My Twitter feed: by @TheBillHolmes
Some of my better ones, according to me …
- Never work FOR someone else, work WITH them.
- I do some of my best work when I'm supposed to be doing something else.
- Elizabeth this AM: Dad, can you get my other shoe outside? It's frozen to the ground!
- My biggest worry, of course, is that I will no longer have anything to worry about.
- Pulling my daughter in a sled on snowy sidewalk to friends' house, I turn around & see her waving like a beauty queen on a pageant float.
- There's something just sad about a middle-aged man admiring himself in the mirror. But enough about me. Kidding. It was someone else.
Me: Can we throw this out?
Me: I see you've learned from your mom how to say “fine” without it meaning “fine” at all.
- People need to be listened to – preferably agreed with – more than anything else. If you could do one thing for someone, that would be it.
- 9yo daughter buys painting at Walgreens, and says, “It's made in China. They're really good painters.”
- Wife tried to foist hazelnut creamer on me. Had to set her straight. I'm a manly man, and manly men drink their coffee black!
- At Dr today the hot female nurse practitioner said “Wow” when I took off my shirt. Can you blame her? Too bad it was for wrong reason.
- Life is like flying: You have to keep moving & make constant adjustments, but there's always time for a few loop-de-loops!
- The person who knows that they're not innately superior to anyone is the better-informed person.
- If anything is learned, it's not time wasted.
- Life is so huge and full of problems. Luckily, life is so huge and full of answers.
- Can someone please create an app that will block images of all recognizable politicians? My online world would be a better place.
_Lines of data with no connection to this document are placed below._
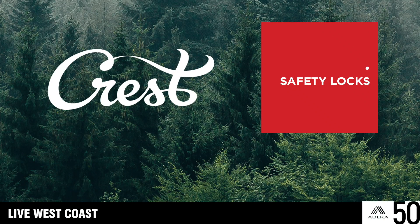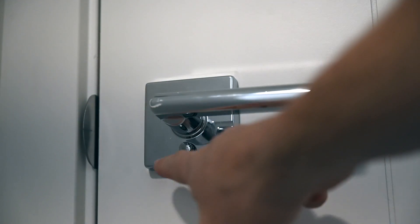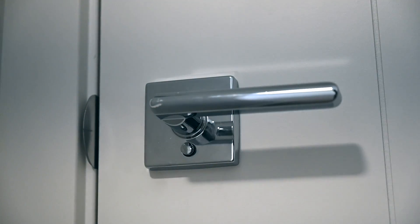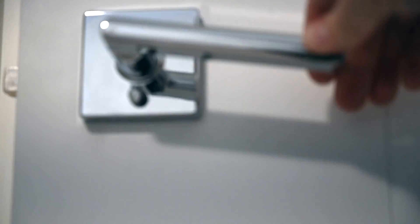Safety locks, privacy locks. Bathrooms and select bedroom doors both utilize the same privacy locking feature. Rooms with electrical panels also mandate privacy locks.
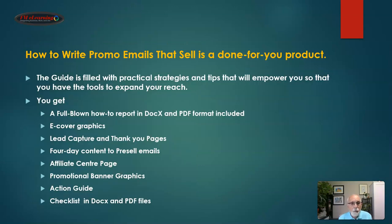How to write promo emails that sell is a done-for-you product — a guide filled with practical strategies and tips that will empower you to expand your reach. You get a full blown how-to report in both docs and PDF format, e-cover graphics, lead capture and thank you pages, four-day content to pre-sell your emails, an affiliate center page, promotional banner graphics, an action guide, and checklists in both docs and PDF files.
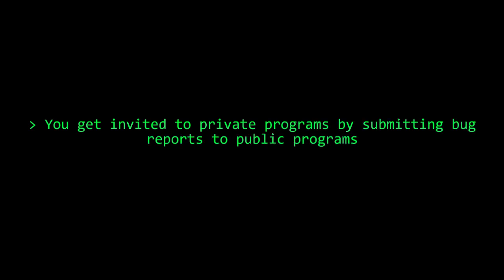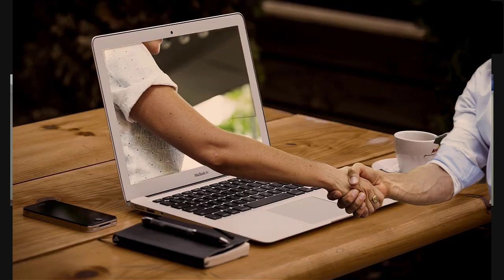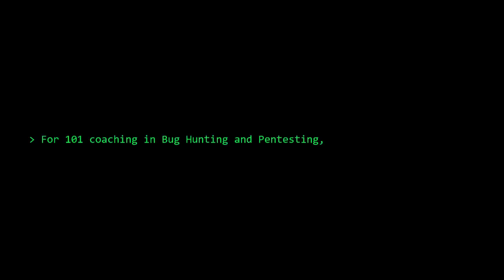The more reports you submit, the more chances you have to be invited to private programs. So I got invited to private programs on HackerOne, BugCrowd, and the rest. Aside from that, I also generally look into other applications — I want to play around and see if I can find bugs and report them to companies that are not hosted on HackerOne, because a whole lot of them are not hosted on these hacking platforms.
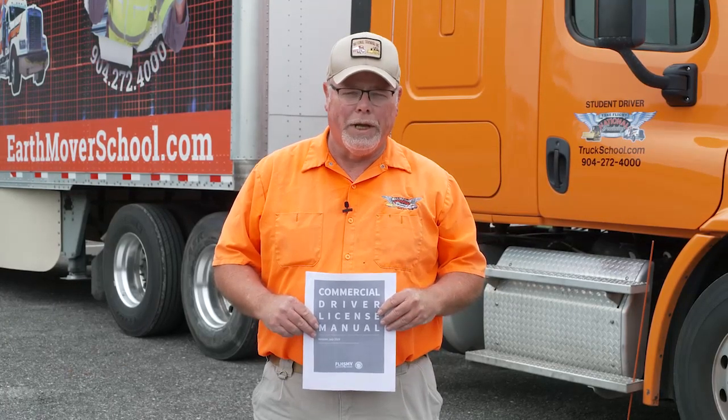I'm Mike Adams with National Training Incorporated. I'm going to conduct a CDL pre-trip inspection. The first step in a successful pre-trip inspection is to obtain your state CDL handbook. You can obtain the Florida handbook from our website, truckschool.com. Click on CDL testing and you will find the link for the state handbook. The current handbook for Florida is 2019. You have to check the state website to make sure you have the current handbook to conduct a successful pre-trip inspection.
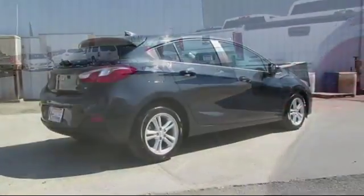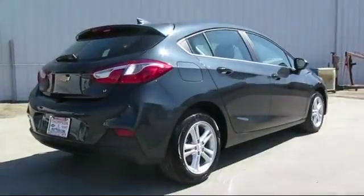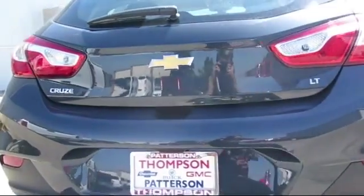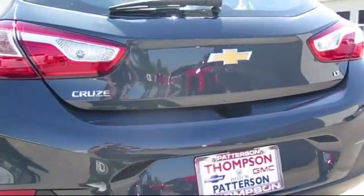We go above and beyond to make sure that you're comfortable throughout the entire car shopping journey. So get started by clicking the Create Your Deal button, or come see us at 701 South 2nd Street in Patterson.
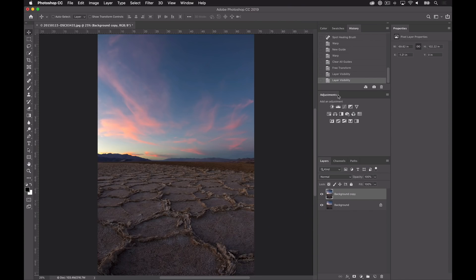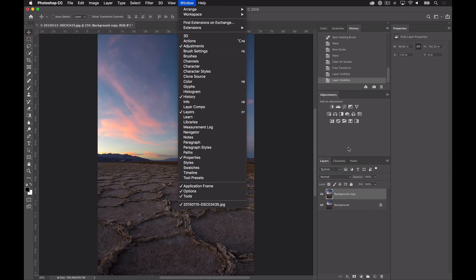The third thing is really massive because there are so many things you can do using adjustment layers. In the adjustment panel, you have all of these different options — these are essentially adjustments you can apply to a given layer. If you don't have the adjustments panel visible, go to Window and then select Adjustments.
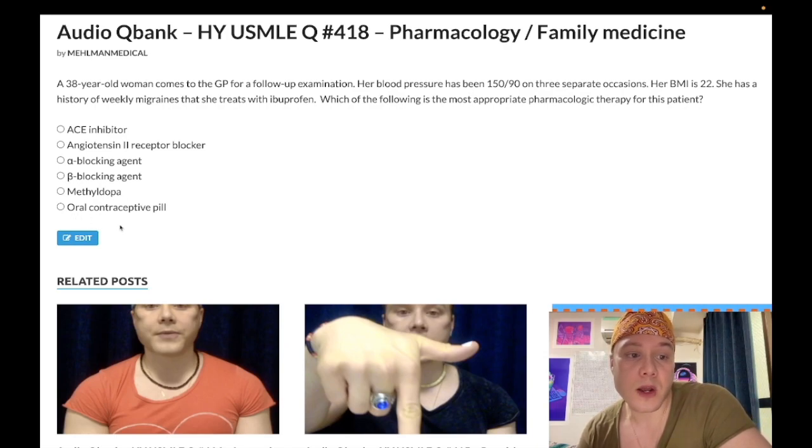Next answer: oral contraceptive pill — wrong. You need to know OCPs can actually cause hypertension in young women. It's one of the most important causes of elevated blood pressure in young women. So if a combined oral contraceptive pill is commenced and a girl gets new-onset headaches, you absolutely need to be aware that she could have elevated blood pressure. Very, very important.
- Intellect is great, but don't fall too much in love with it. It's just one of several tools we have for navigating/creating our lives.
- 9yo explains the FIVE basic elements: Earth needs Water, making Air, causing Electricty, making Fire, put out with Water. Full circle!
- Don't hate others for being different from you. Do you really WANT everyone to be just like you? I didn't think so.
- IQ doesn't matter. The smartest people are those who make the best use of their time, energy and talents .. without being a**holes.
- et cetera (a.k.a. “etc.”): It's Latin for “blah blah blah.”
- Daughter made my day. I said a misbehaving PC was retarded, but I outsmarted it and fixed it. She said, “Of course you did. You're my Dad!”
- Having friends is so much better than having enemies.
- Having an Obama 2012 sticker is as bad as a Bush 2004 sticker. You didn't learn your lesson after their first term?
- “Snowboard Cross” is definitely my favorite winter Olympics sport! But to add difficulty they should make them answer texts while boarding!
- Watching TV weather alerts is always educational. I always learn of a town nearby I'd never heard of. This time it's Dull, TN! Wow.
- “Be as smart as you can, but remember it is always better to be wise than smart. – Alan Alda” My wife & I said this last night!
- My 8yo daughter asking me to cook bacon & eggs, starts nodding her head, saying, “Yes.” A natural-born manipulator. I'm so proud. 🙂
- I realize I'm at the Y, with no expectation of privacy or “quiet,” but I wish these women behind me would shut up! I'm trying to write! 🙂
- Apparently girls rule and boys drool. Who knew? Makes sense, though.
- U want heaven? Be an angel.
- People aren't science experiments, they're works of art & should be treated as such.
- As I was picking her up after school recently, Elizabeth got into the car and, very seriously, announced, “I can understand gibberish.” I just cracked up, with that gasping-for-breath laugh. She said, “What?” And I said, “I love you. You're just so funny sometimes!”
- 8yo, talking about something she'll do as a teenager, pauses and adds, “But, you'll be dead by then.” I just had to laugh. So sweet.